- Born: unknown Qing Empire
- Died: unknown Qing Empire
- Native name: 梁二娣
- Style: Wing Chun
- Teacher(s): Chi Sin Wong Wah-bo

Other information
- Occupation: martial artist, boatman
- Notable students: Wong Wah-bo Leung Jan

Chinese name
- Traditional Chinese: 梁二娣
- Simplified Chinese: 梁二娣

Standard Mandarin
- Hanyu Pinyin: Liáng'èrdì

= Leung Yee-tai =

Wing Chun practitioner

Leung Yee-tai was a Wing Chun master of the late Qing Dynasty.

==Background==
Leung Yee-tai had become associated with Tiandihui and anti-Qing Dynasty resistance.

He was a strong boatman who steered a riverboat by pushing a long pole against the river bottom.
A Shaolin monk Chi Sin (至善禪師) saw that he was a natural successor to the Southern Shaolin pole fighting skill called six and a half point long pole.

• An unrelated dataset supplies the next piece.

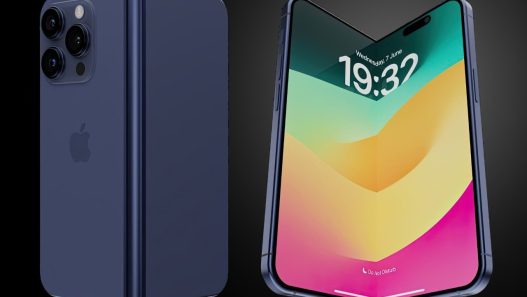 Un iPhone Pliable en 2026 Les Predictions dun Expert - plare.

He taught Wong Wah-bo his pole fighting skill in exchange for the Wing Chun fist-fighting skill. Though he was a student of Wong in Wing Chun, he was actually Wong's sifu in the pole fighting skill. Wong modified the pole fighting skills using Wing Chun principles. The modified pole skill had since part of Wing Chun skills set.

He met Leung Jan of Foshan, a young herbal doctor, when he was sick. He then trained Leung Jan when he was already an old man at over sixty years of age. He went on to introduce Jan to Wong. Because both of Wong and Jan were from Gulao (古勞) Village, Wong imparted his full system of Wing Chun skills to him.

== Lineage ==

Lineage in Wing Chun
| sifu | Wong Wah-bo (黃華寶) |
| other teacher | learned pole fighting skill from abbot Chi Sin (至善禪師) |
Leung Yee-tai (梁二娣)
| known student | Leung Jan (梁贊) taught his pole fighting skill to his sifu |

==In popular culture==
Leung Yee-tai was portrayed by Kong Ngai in the 1981 TVB television drama series Kung Fu Master of Fat Shan.

He was portrayed by Lam Ching-ying in the 1981 Sammo Hung film The Prodigal Son.

In the 2005 TVB television drama series Real Kung Fu, he was portrayed by Bryan Leung.